■ Task prompt: Your answer must be an exact copy of the lines from the one containing "RVソリューション | 3.8kWhスタンダードモデル & 7.6kWh大容量モデル" through the last line of the records below, with no pictures; please include nothing else.

*** Records provided

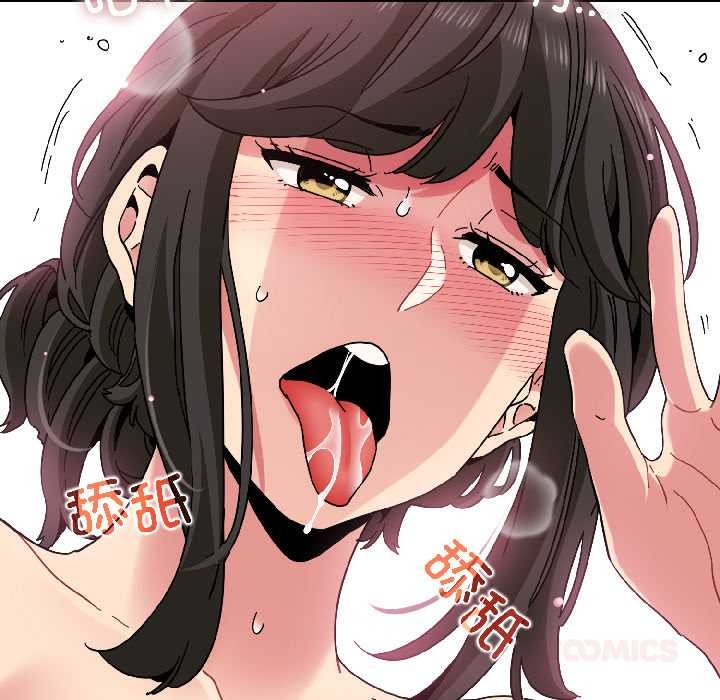 发小碰不得 - 第94話 - page 92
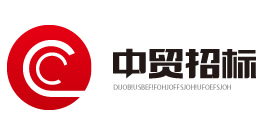 中贸国际工程招标（北京）有限公司
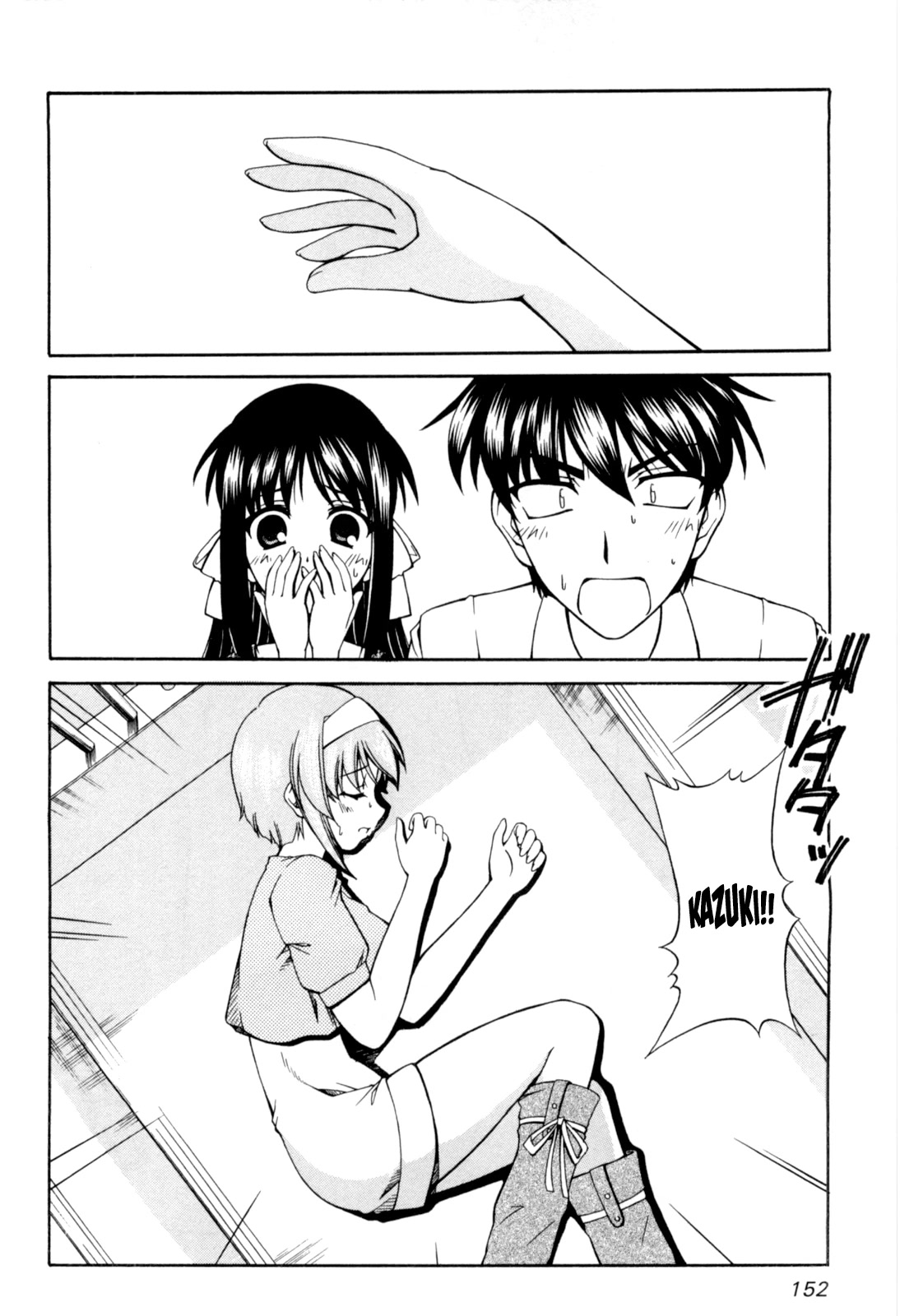 Tona-Gura! Chapter 66 page 2 - Chapter 66: Why Do You Cry?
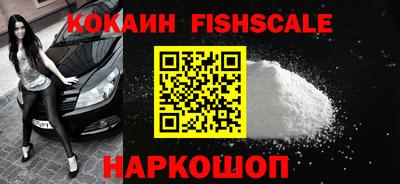 мдма Кандалакша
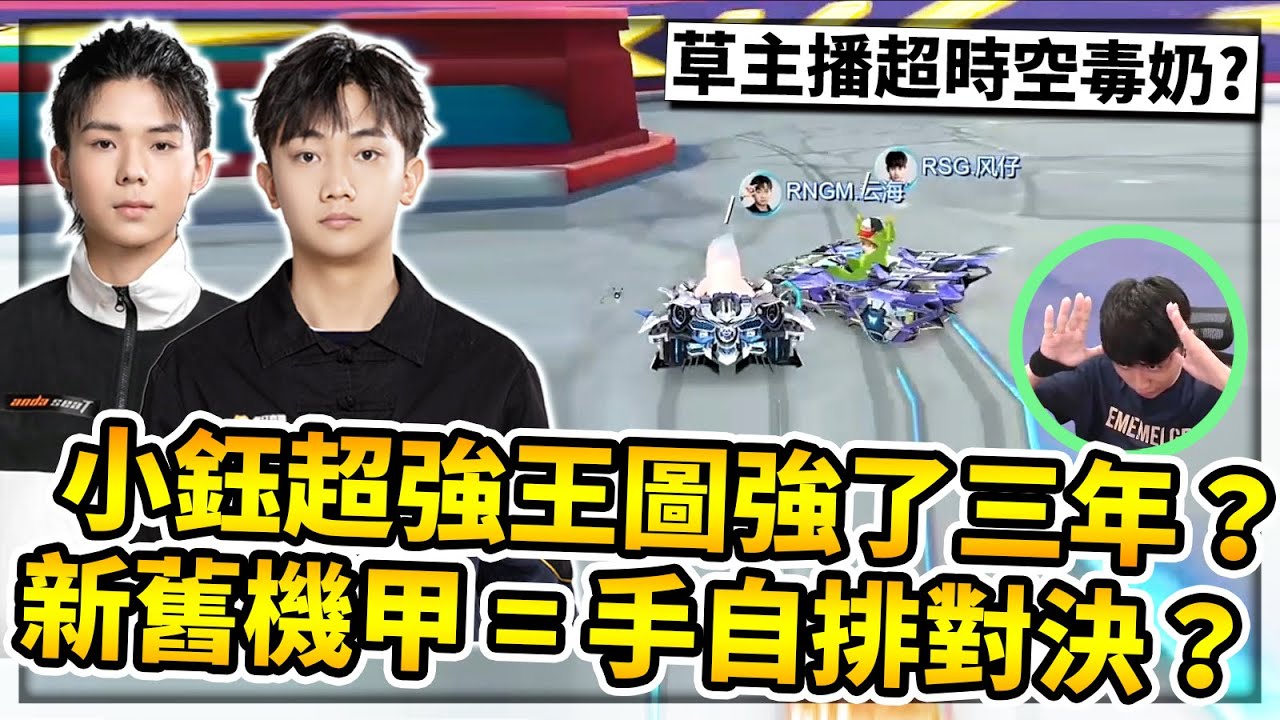 S聯賽季後賽2v2單挑！小鈺王圖強了三年？草主播超時空毒奶差點翻盤？新舊機甲=手排自排的對決？【極速領域】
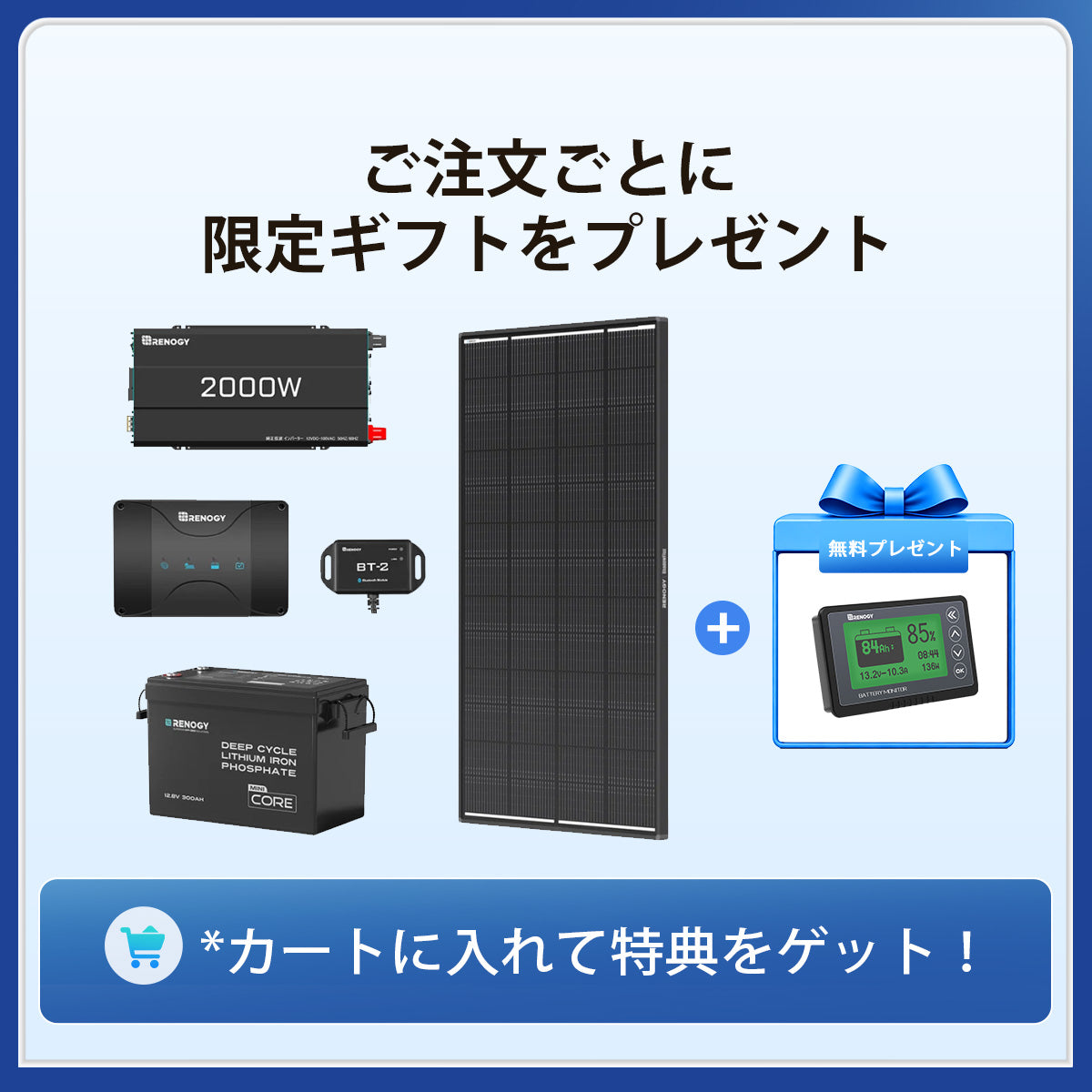RVソリューション | 3.8kWhスタンダードモデル & 7.6kWh大容量モデル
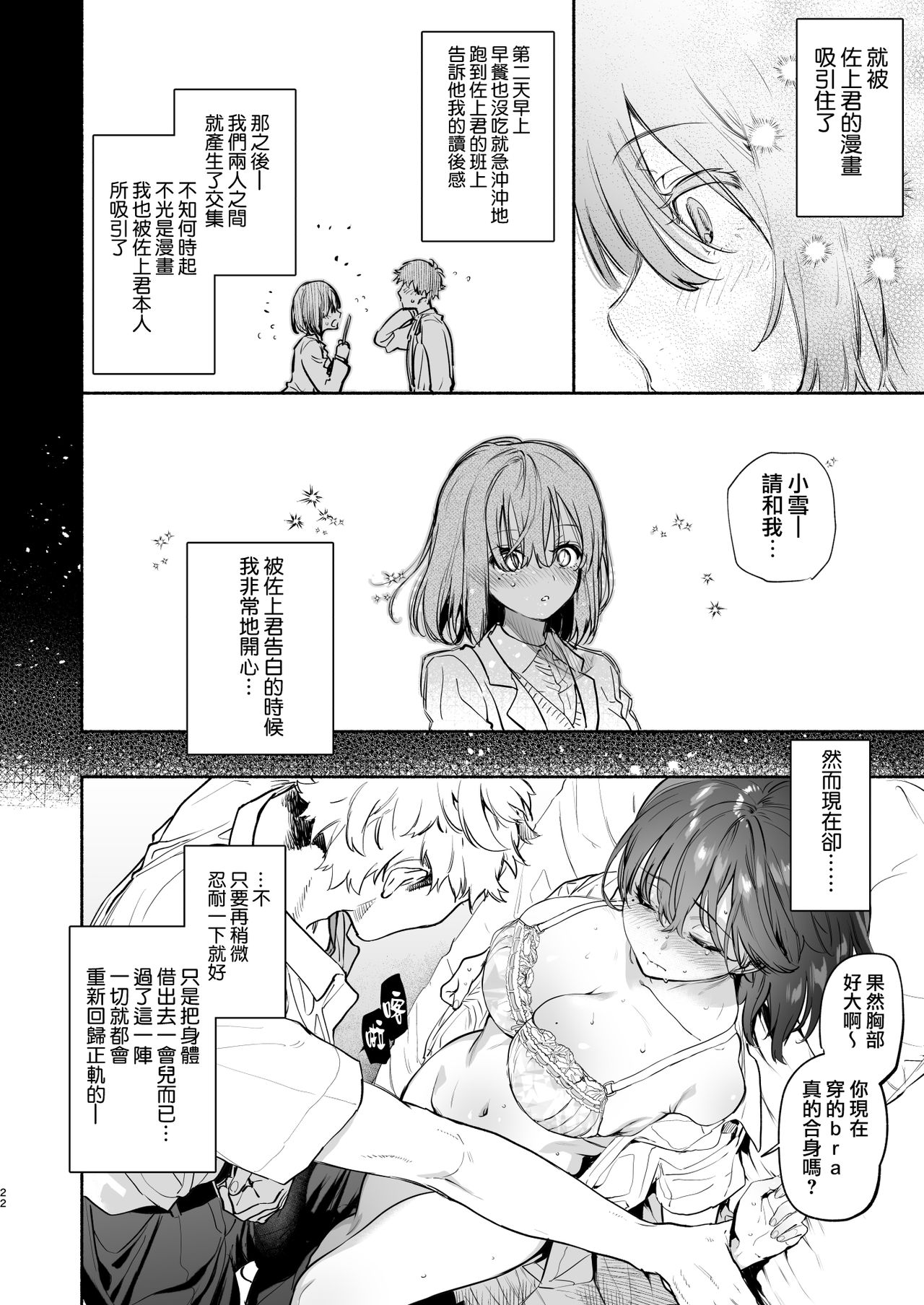 EX全汉化杂志合集【渺】 - Page 53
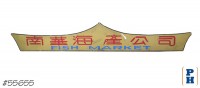 Wood Sign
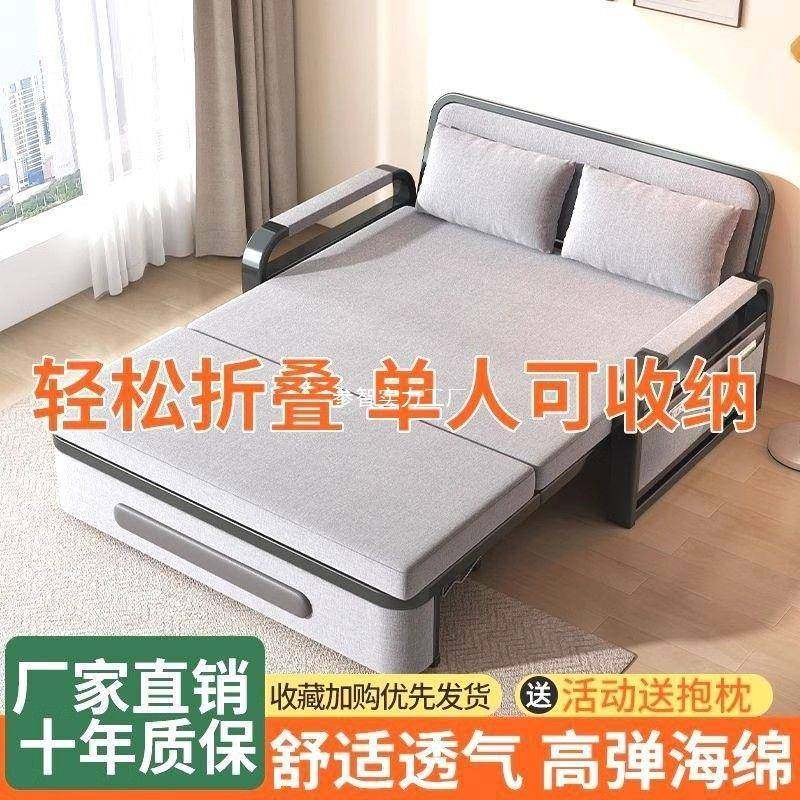 家用沙发床两折用折叠客厅多功伸缩叠床能拆网洗红阳台午SLU休储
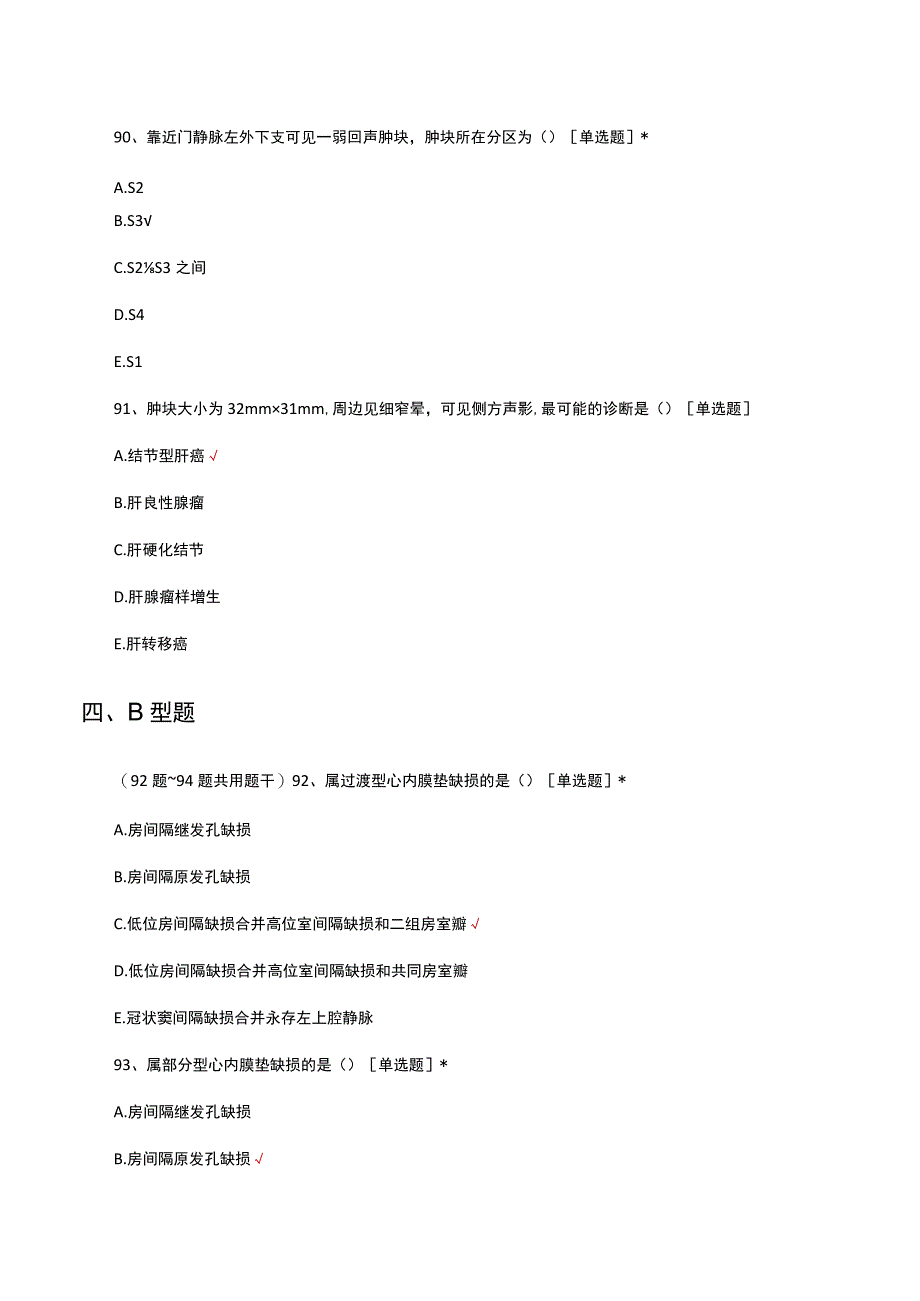 超声医学专业理论知识考核试题及答案(1).docx_第3页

******

■ Task solution:
RVソリューション | 3.8kWhスタンダードモデル & 7.6kWh大容量モデル
 EX全汉化杂志合集【渺】 - Page 53
 Wood Sign
 家用沙发床两折用折叠客厅多功伸缩叠床能拆网洗红阳台午SLU休储
 超声医学专业理论知识考核试题及答案(1).docx_第3页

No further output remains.